Para partilhar com os amigos (e englobem nesta categoria todos os comensais que o alegram com a sua frequência) esta alegria, resolveu o seu proprietário, Miguel Peres, criar quatro jantares "globais", convidando alguns dos mais interessantes criadores da cidade e arredores para calaborarem na ementa e na oferta. Sob o lema "#vaidarporcaria", em quatro Domingos seguidos, ficou a casa a abarrotar de sabores e dos risos e puxada conversa de todos os que a demandaram, clientes e desafiados.

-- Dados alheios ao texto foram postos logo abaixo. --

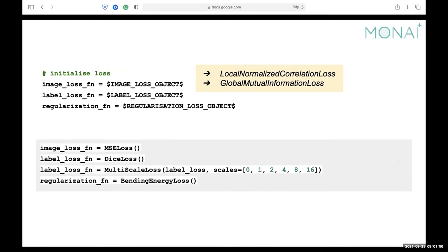We also initialize the different losses. MONAI has two specific image losses for registration: the Local Normalized Correlation loss and the Global Mutual Information loss. More details can be viewed in the MONAI API. In this tutorial, we use the mean MSE loss for image loss, the Dice loss as the label loss wrapped in a multi-scale loss wrapper for label loss at different scales, and the bending energy loss for regularization.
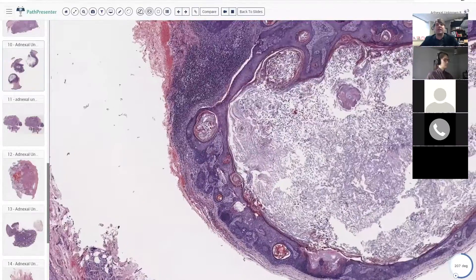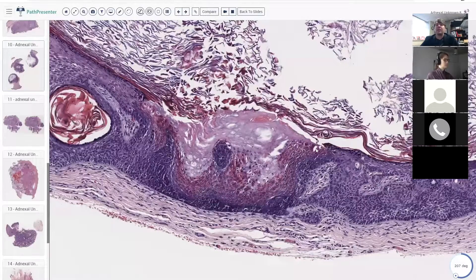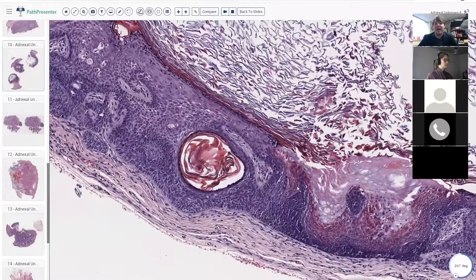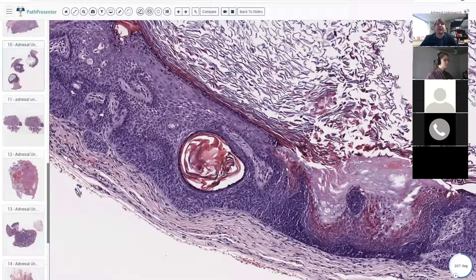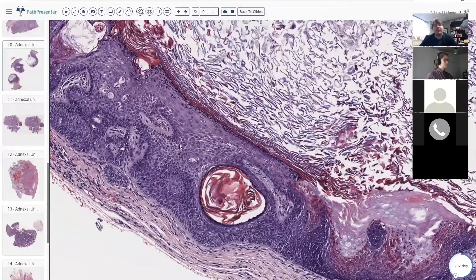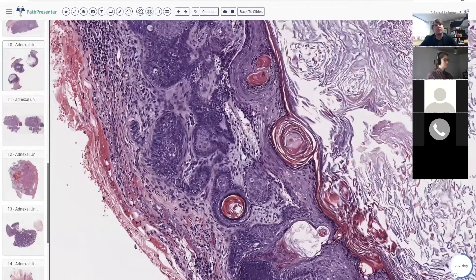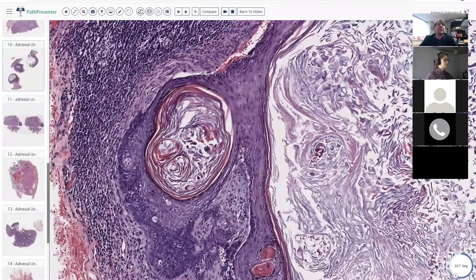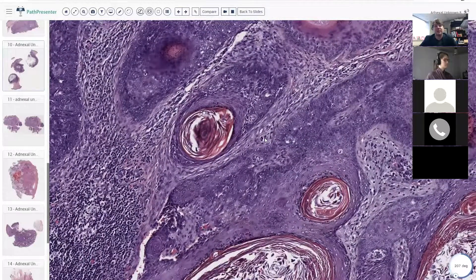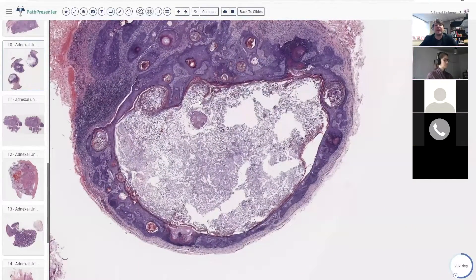I would call this a trichofolliculoma. The other thing you could consider here, because you have all sorts of different types of hair follicle differentiation, is pan folliculoma. Pan folliculomas basically have matrical, outer root sheath, and inner root sheath differentiation all combined together. They can be a cystic nodule deep down or hooked onto the epidermis along the surface — and they're also benign. So if you call this a cystic pan folliculoma, or trichofolliculoma, or trichoadenoma, or even trichoepithelioma with cystic change — it's all benign and okay. Do not be afraid. There are other things we should be worried about. This is not one of them.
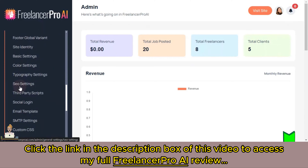To summarize, Freelancer Pro AI offers everything you need to manage a freelancing marketplace: performance insights, AI tools, customization options, and control over payments. It's designed for simplicity and effectiveness. Thanks for watching — this was just a quick look at Freelancer Pro AI. We will explore more in the detailed training to see how it can support your freelancing marketplace goals.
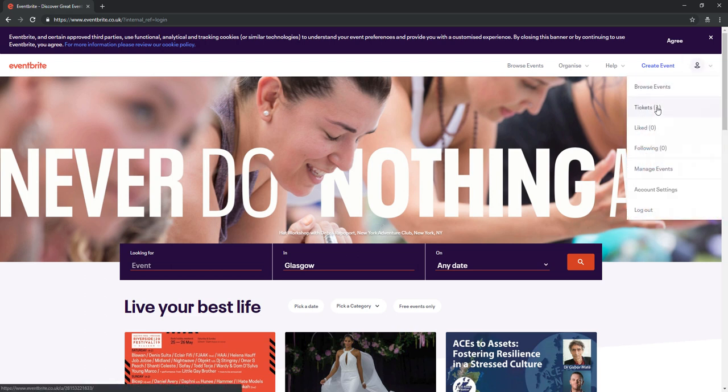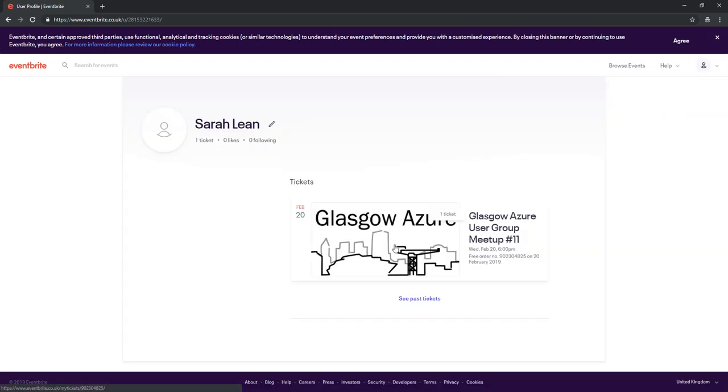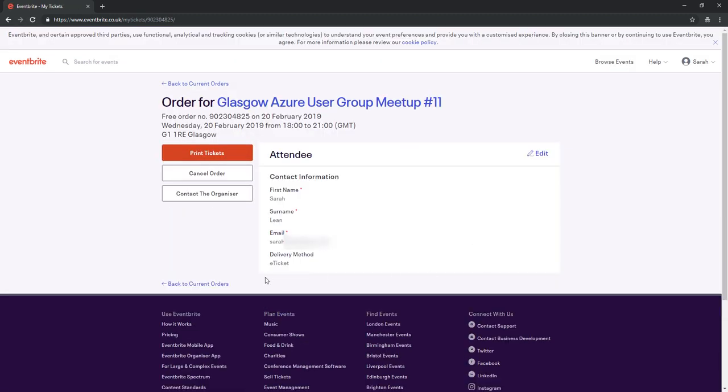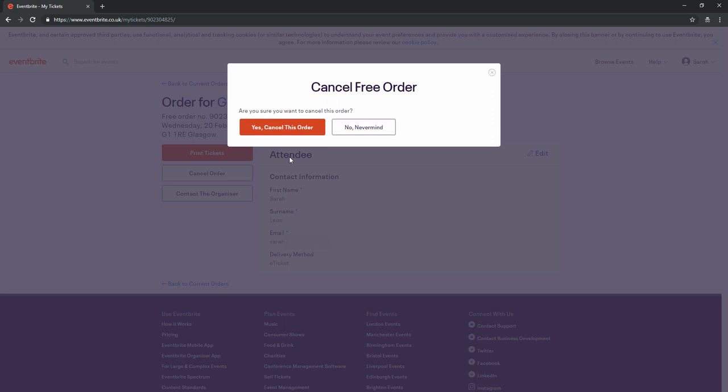Once you're signed in, click on your profile icon and click on Tickets. You'll see your active tickets, so click on the one that you want to cancel. Down the left-hand side, you'll see a cancel order button.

Tive a fortuna de estar presente no derradeiro jantar, designado Pork’n’cheese e que contou como oficiantes, para além do Chef residente João Revés, os Chefes André Magalhães (Taberna da Rua das Flores) e Leopoldo Garcia Calhau (Café Garrett), o Queijeiro Pedro Cardoso (Queijaria), o Enólogo Mauro Azóia e o Barman Carlos Santiago (Barman do ano 2015 / Reserve Brand Ambassador Diageo).

Alguns dos culpados: André Magalhães, Miguel Peres e Leopoldo Calhau

Com uma bela companhia à volta da mesa, desfilou sobre ela a proposta de pratos, vinhos, queijos e cocktails. Propostas com a vertente autoral claramente assumida (e era esse o objectivo), com os pratos de André Magalhães a trazer o redesenho de algumas técnicas e petiscos de outras paragens e os de Leopoldo Calhau com a notória e sempre assumida influência da cozinha regional do interior alentejano.

Sangue de porco
com Queijo da Beira Baixa, com 12 meses de cura

Tibornas de beterraba
com Mozzarela di Bufala Campana

As Orelhas com Queijo São Jorge, com 48 meses de cura
que sobraram, na mão de Miguel Peres

Bochechas, maçã e Requeijão de Seia

Bochechas, maçã e Requeijão de Seia

Bombettas com Pecorino

Puttanesca de courato com Queijo Picante da Beira Baixa

Migas e papada com Ossau-Iraty

Queijos e bacon
Compota de bacon com (de cima para baixo:)
Picón Bejes-Tresviso (Cantábria) com 6 meses de cura,
Peccorino pepato com cerca de 7 meses de cura,
Cabra da Beira Baixa, com 2 meses de cura

André Magalhães, aspergindo o Porco de Beja

O Pudim da Joana
Nas harmonizações, a mão do Mauro Azóia a assumir o risco de harmonizar toda a refeição com alguns dos vinhos produzidos sob a sua orientação, permitindo a prática da abertura de espírito a modelos diferentes de combinações. Alguns desvios acentuados em relação à norma, mesmo assim bem-vindos ao apresentarem novas propostas, todas da região de Lisboa, ainda sem comercialização. Da Haja Cortezia, novo produtor com vinhedos localizados um pouco acima das Azenhas do Mar, provaram-se os monocastas de Moscatel, Malvasia e Alvarinho. Propostas interessantes, com a proximidade do mar a deixar a sua marca na acidez e alguma salinidade, diferente em cada casta. Da região de Óbidos, um blend de Sémillon e Gouveio que tem como nome provisório "P de Penélope". Da mesma região, para finalizar as harmonizações com vinhos tranquilos, um monocasta Syrah, com estágio em barricas velhas.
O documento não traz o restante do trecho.